■ WHAT IS EXPECTED ■
The required answer is the run of lines from the one holding "combo kem face + serum MYO 2 Tầng" to the end of the data below, copied exactly and free of pictures.

■ STUDY MATERIAL ■
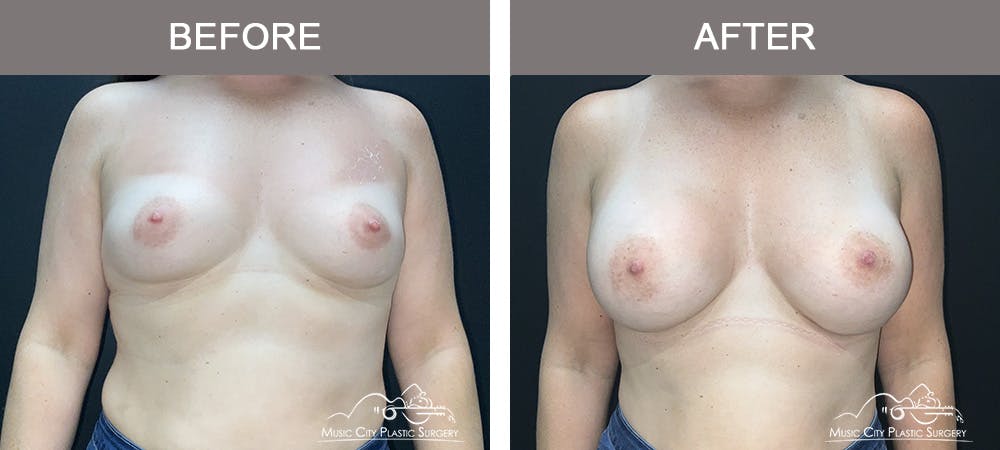 Breast Augmentation Before & After Gallery - Patient 218657 - Image 1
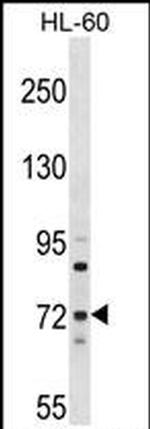 MTMR6 Antibody in Western Blot (WB)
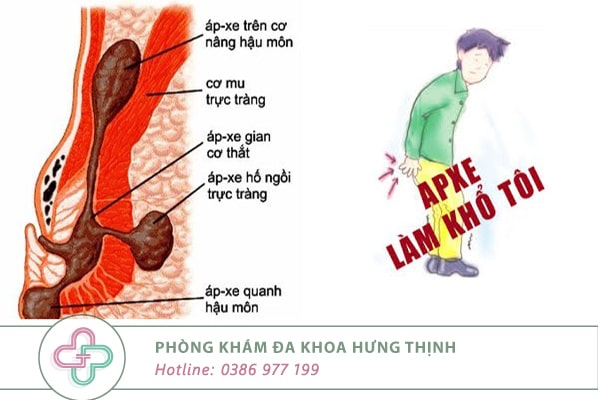 Áp xe hậu môn – Nguyên nhân, triệu chứng và cách điều trị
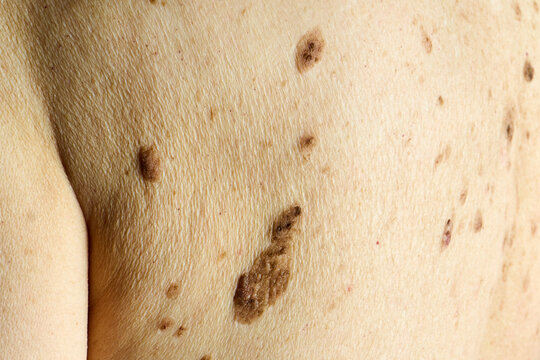 Human skin showing multiple moles and nevus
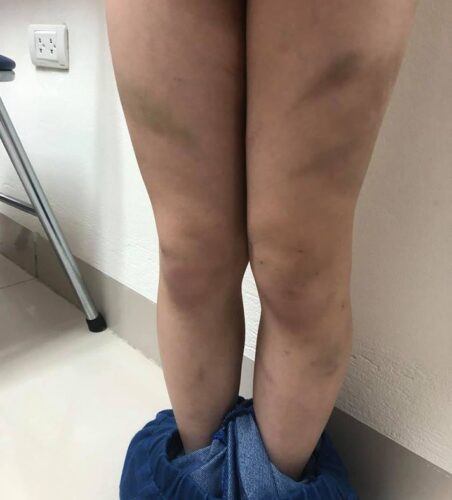 Những vết thương bầm tím nằm dải rác trên đùi của bé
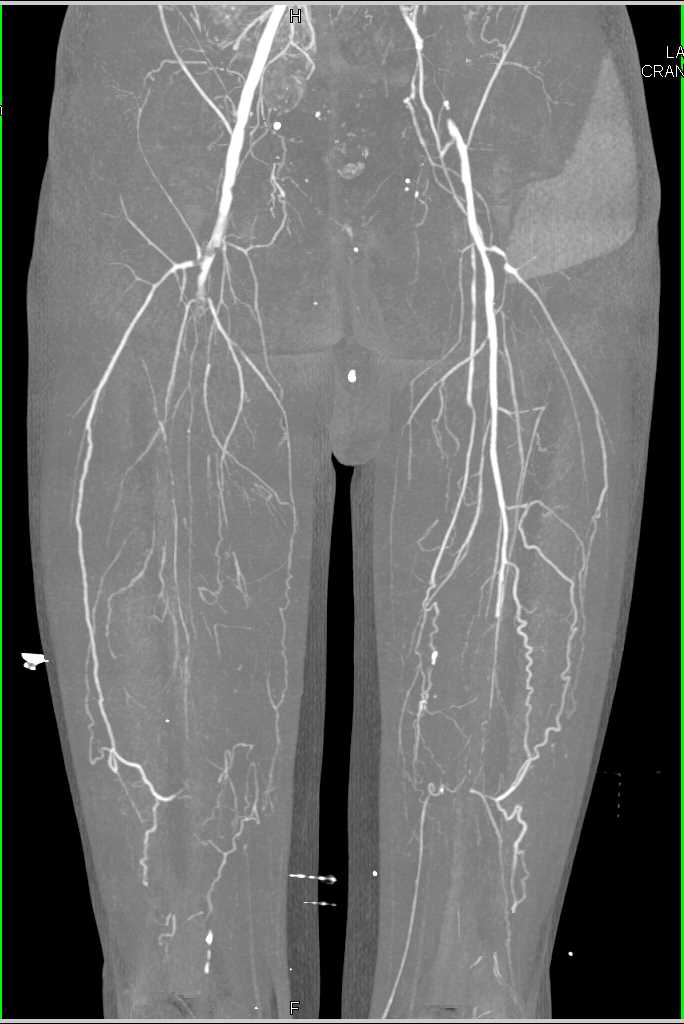 Multiple Sites of Occlusion on CTA with Dual Energy Bone Removal - CTisus CT Scan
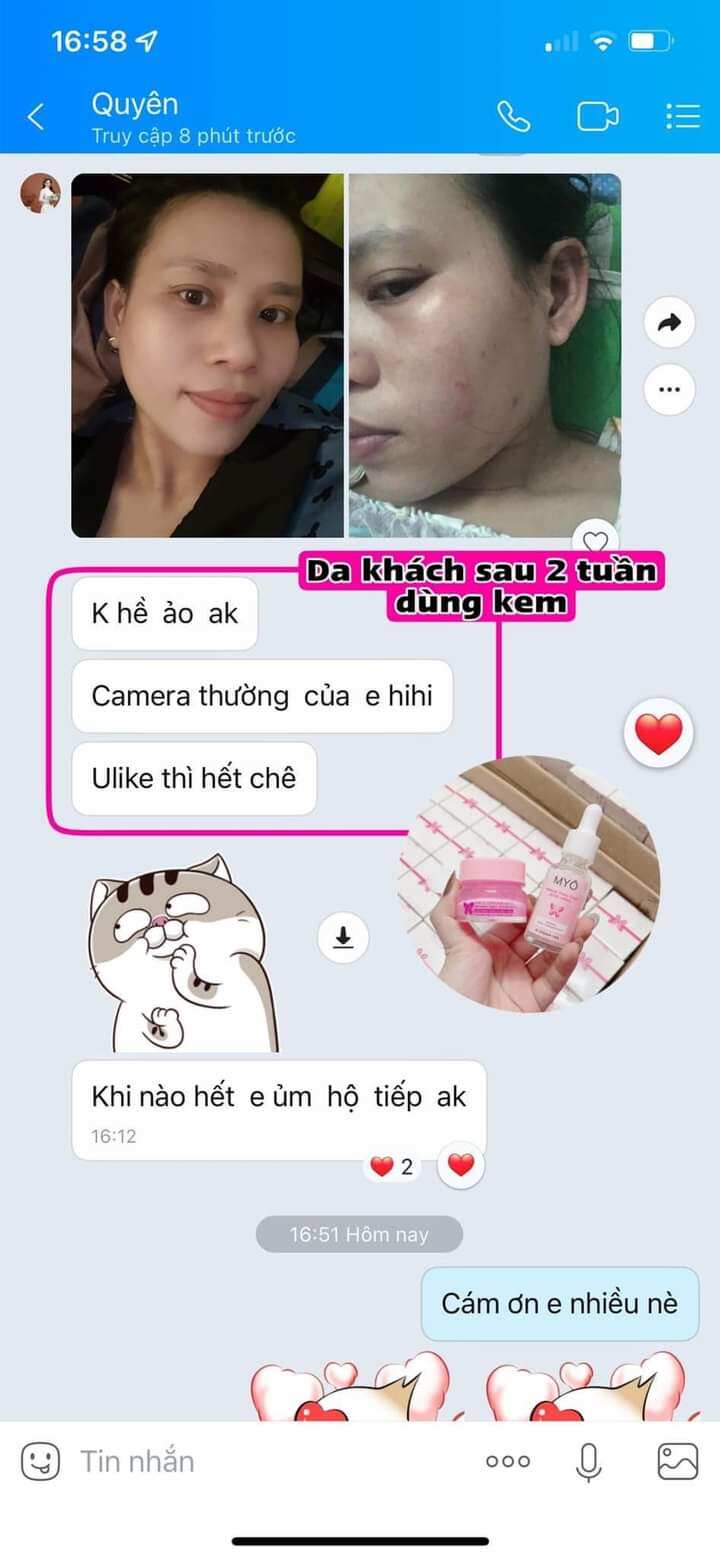 combo kem face + serum MYO 2 Tầng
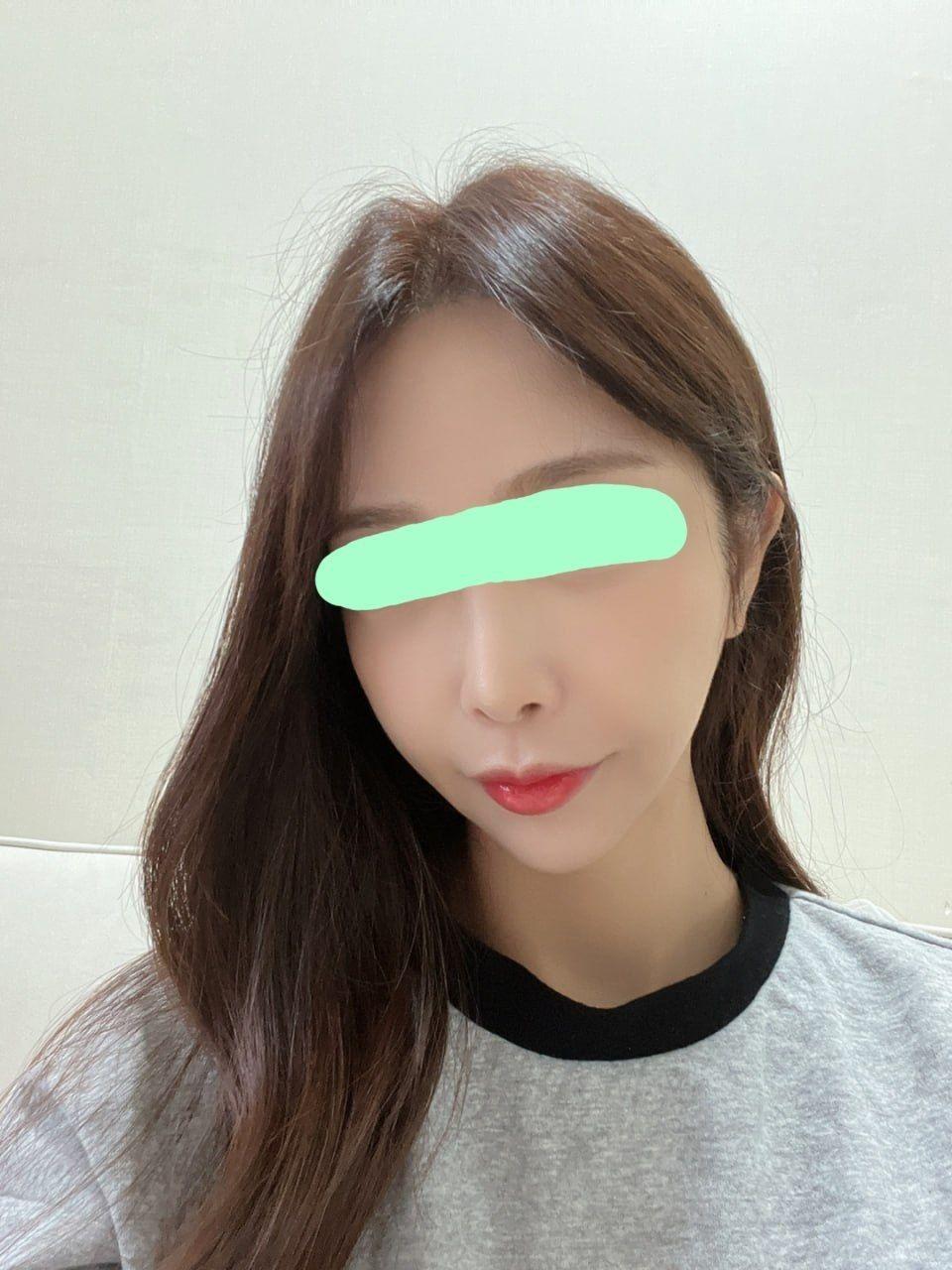 後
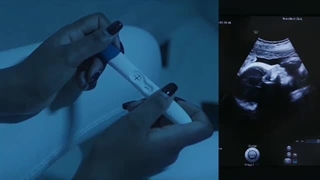 استرس در بارداری و حاملگی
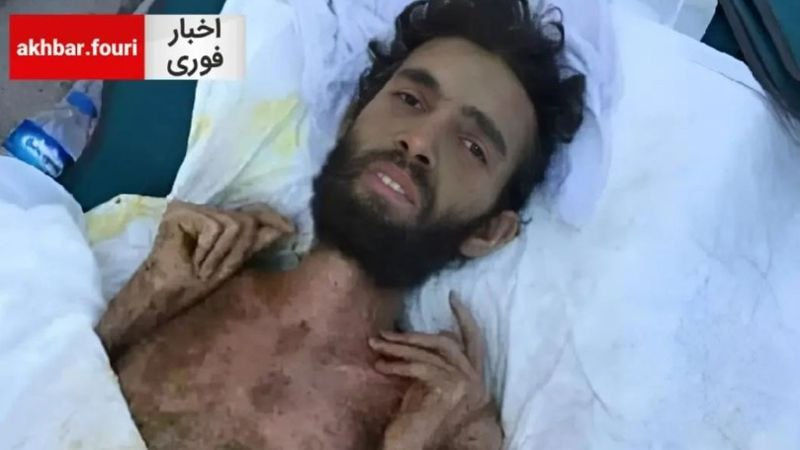 Истощённого сирийца достали из-под завалов спустя три месяца после землетрясения.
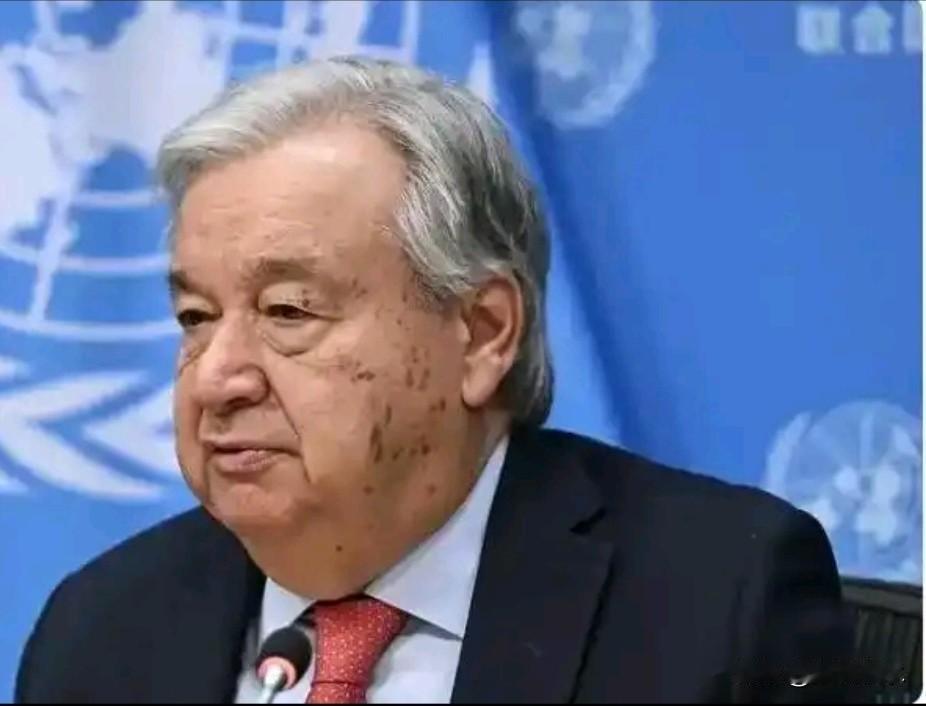 联合国秘书长古特雷斯在天津接受专访时，用罕见的明确与强硬，为一段历史盖棺定论：“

■ SOLUTION TO THIS EXERCISE ■
 combo kem face + serum MYO 2 Tầng
 後
 استرس در بارداری و حاملگی
 Истощённого сирийца достали из-под завалов спустя три месяца после землетрясения.
 联合国秘书长古特雷斯在天津接受专访时，用罕见的明确与强硬，为一段历史盖棺定论：“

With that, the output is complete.